Listed records: Begin

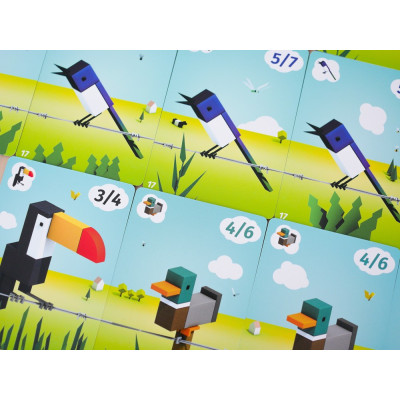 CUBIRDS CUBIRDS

Listed records: End
Listed records: Begin

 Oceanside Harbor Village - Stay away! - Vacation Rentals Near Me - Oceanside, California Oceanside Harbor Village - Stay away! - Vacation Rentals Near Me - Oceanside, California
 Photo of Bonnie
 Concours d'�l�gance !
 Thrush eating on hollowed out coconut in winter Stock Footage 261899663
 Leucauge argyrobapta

Listed records: End
Listed records: Begin

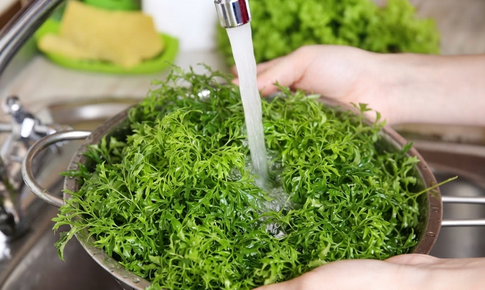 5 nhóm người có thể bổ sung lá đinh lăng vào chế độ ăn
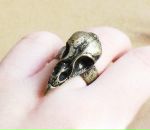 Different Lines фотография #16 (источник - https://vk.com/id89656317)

Listed records: End

Leaving every picture aside, reproduce exactly the lines above from the one with "5 nhóm người" up to and including the one with "Different Lines фотография", and no others.

 5 nhóm người có thể bổ sung lá đinh lăng vào chế độ ăn
 Different Lines фотография #16 (источник - https://vk.com/id89656317)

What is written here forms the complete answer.